Task to carry out:
Find the line with "Крем-баттер/ Body cream" in the entries below, then reproduce it and every line after it down to and including the line with "Champion × Vintage", exactly.

Source records:
:::
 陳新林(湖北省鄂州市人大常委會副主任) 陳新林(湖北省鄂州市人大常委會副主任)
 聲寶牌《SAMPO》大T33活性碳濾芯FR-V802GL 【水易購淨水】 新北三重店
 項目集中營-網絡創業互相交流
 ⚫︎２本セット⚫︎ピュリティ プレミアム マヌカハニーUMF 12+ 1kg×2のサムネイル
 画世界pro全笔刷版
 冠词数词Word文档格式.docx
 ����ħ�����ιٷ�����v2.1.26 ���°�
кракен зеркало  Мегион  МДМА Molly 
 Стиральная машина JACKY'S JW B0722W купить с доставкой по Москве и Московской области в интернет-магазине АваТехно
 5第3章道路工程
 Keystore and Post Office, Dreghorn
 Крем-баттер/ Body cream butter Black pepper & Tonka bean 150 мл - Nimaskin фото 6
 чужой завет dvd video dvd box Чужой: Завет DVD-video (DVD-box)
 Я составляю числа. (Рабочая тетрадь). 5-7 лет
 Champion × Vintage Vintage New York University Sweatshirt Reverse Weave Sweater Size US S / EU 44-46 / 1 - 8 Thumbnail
:::
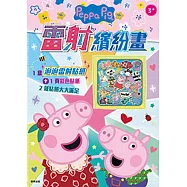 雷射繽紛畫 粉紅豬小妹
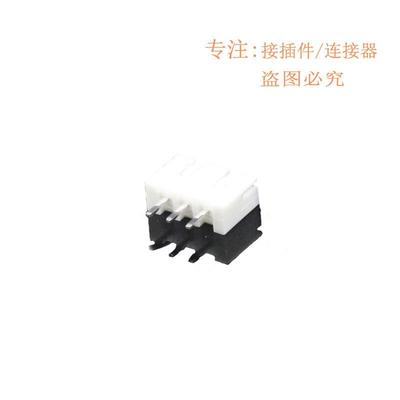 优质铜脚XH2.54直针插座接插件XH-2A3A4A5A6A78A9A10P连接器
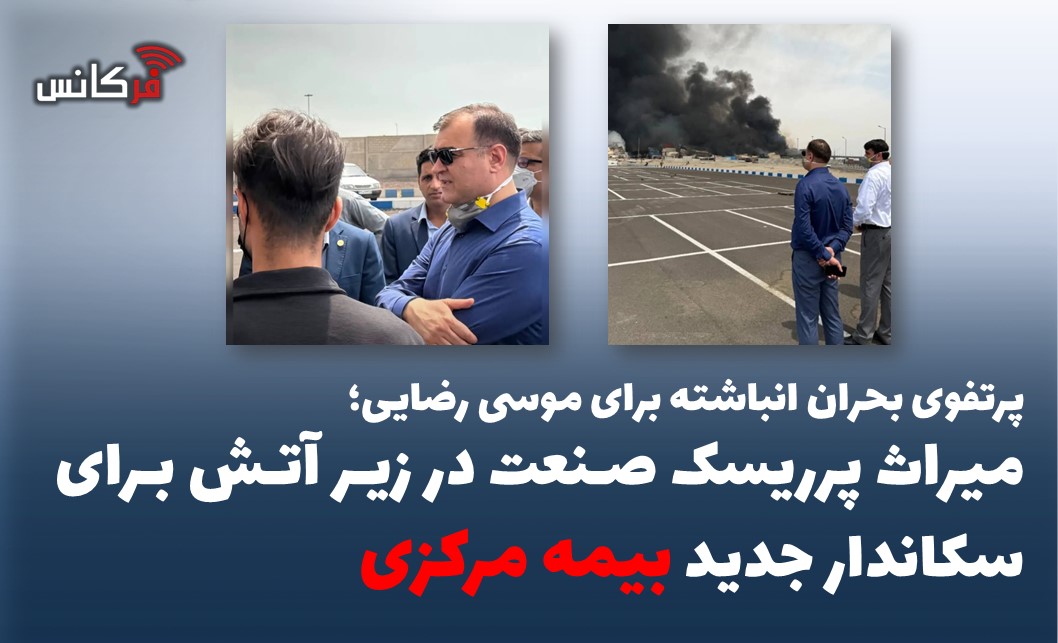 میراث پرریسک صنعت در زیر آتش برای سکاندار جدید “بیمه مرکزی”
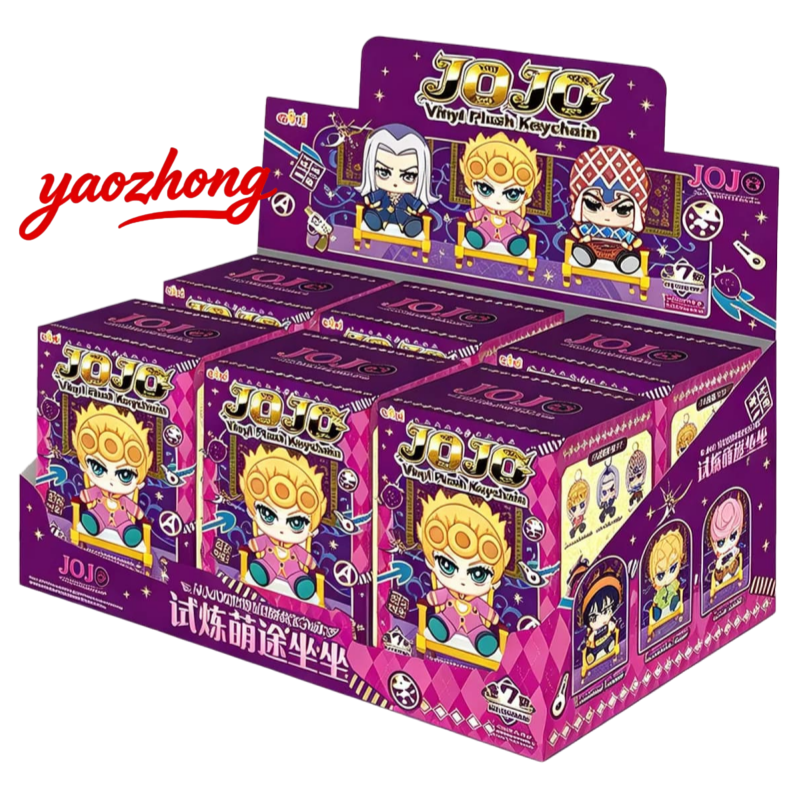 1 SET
:::
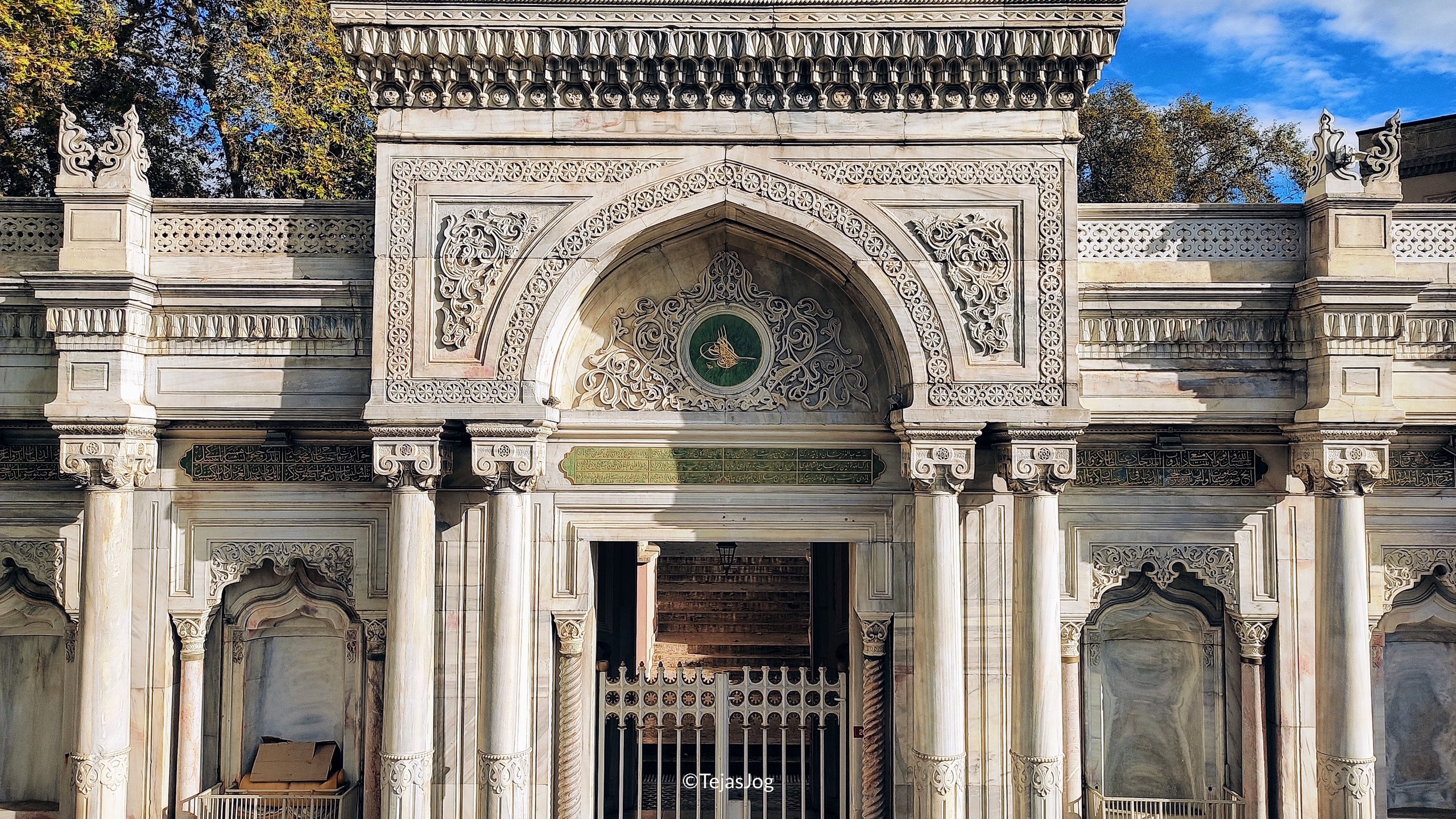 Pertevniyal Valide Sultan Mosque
:::
Result of the task:
 Крем-баттер/ Body cream butter Black pepper & Tonka bean 150 мл - Nimaskin фото 6
 чужой завет dvd video dvd box Чужой: Завет DVD-video (DVD-box)
 Я составляю числа. (Рабочая тетрадь). 5-7 лет
 Champion × Vintage Vintage New York University Sweatshirt Reverse Weave Sweater Size US S / EU 44-46 / 1 - 8 Thumbnail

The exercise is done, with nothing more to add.